Gelöschtes Mitglied 24428

Gast
Nicht schlecht, doch letztendlich im Wortsinn zu abgedroschen.

Eine edle Wehmut ohne Trost klingt arg narzisstisch, ein Suhlen im Selbstmitleid.

Dann am Ende noch selbst den Chef in der obersten Etage zu Wort kommen zu lassen, erscheint gewagt und überheblich.

Leider erneut ein durchschnittlicher Versuch, sich dem Unsagbaren anzunähern, mondnein.
 

mondnein

Mitglied
abgedroschen klingt gut, als wärs ein Schrammelgitarrenstück. Da atme ich auf, denn ich hielt es für zu abgehoben.

Andrerseits bedeutet "abgedroschen" so etwas wie "zu oft genutzt", es müßte also zitierbar ähnliche Verse geben. Die würde ich gerne kennenlernen. Welche sind Dir, liebe Daisy, da im Ohr?

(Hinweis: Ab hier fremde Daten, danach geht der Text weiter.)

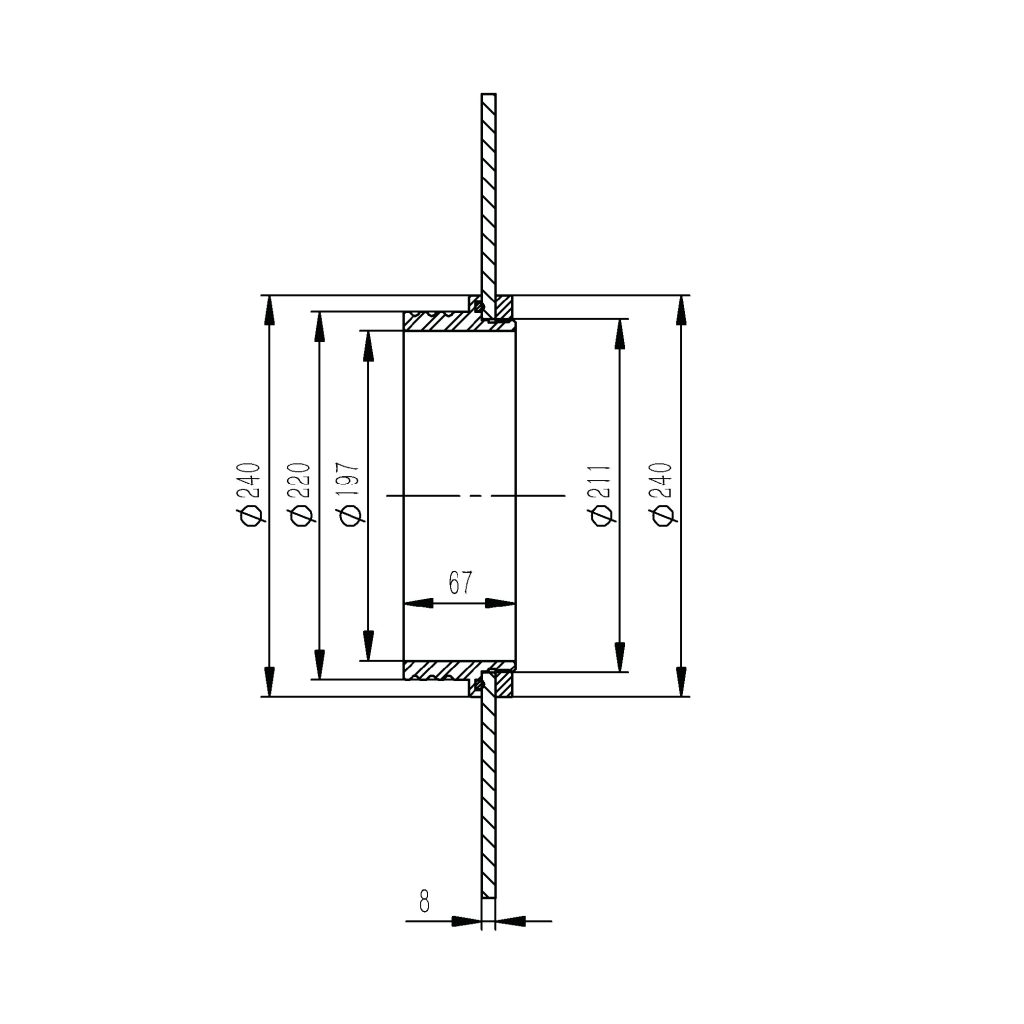 Glove Box Glove Ports Glove Boxes Vacuum glovebox Inert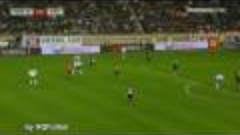Futebol 365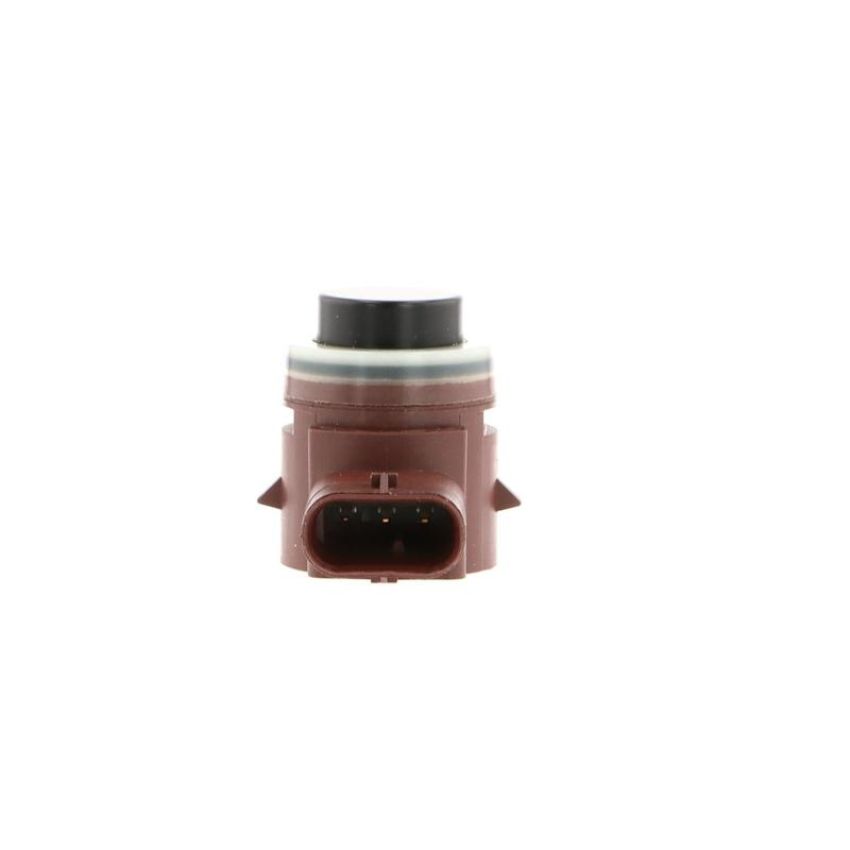 Standard Ignition PPS211 Parking Assist Sensor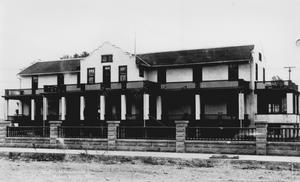 thumbnail of image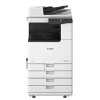 Canon imageRUNNER C3326i MFP (tisk, kopírování, sken, fax) A3, USB, Wi-Fi, 26 str./min.+AW1+4 tonery+instalace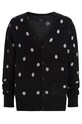 AllSaints cardigan MK002Z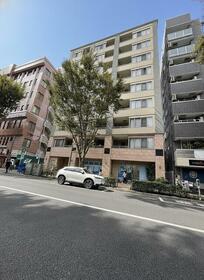 ウィルローズ阿佐ヶ谷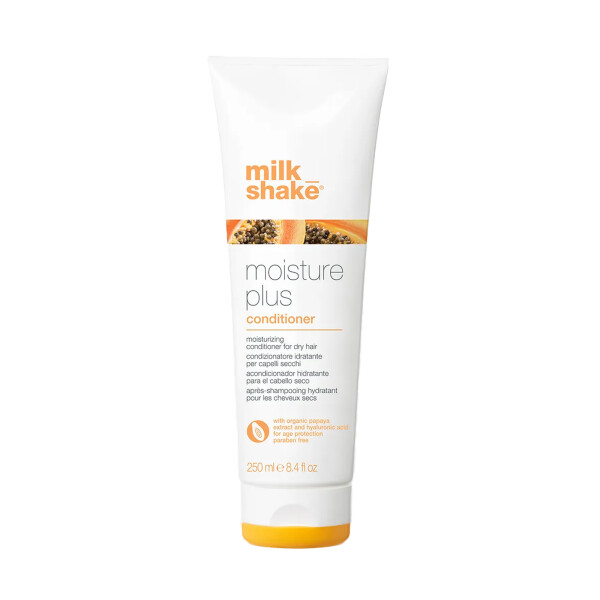 milk_shake Moisture Plus Conditioner 250ml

Das mit dem Selbstmitleid hast Du richtig getroffen. Narkissos pur. Aber er suhlt sich nicht im See, sondern schaut dort in sein Spiegelbild und muß die Berührung mit der Wasseroberfläche vermeiden, weil es sonst die transparente Metrik stört.

Aber beim Chef in der obersten Etage hast Du voll daneben gegriffen, denn das Wesen, das hier als Gott verehrt wird, ist weder Chef noch irgendwo oben. Es ist die Mitte, die reine Symmetrieachse, oder der innerste Planetenmittelpunkt, auf den die Gravitationskräfte zustreben, oder an dem die Hyperbeln vorbeikurven.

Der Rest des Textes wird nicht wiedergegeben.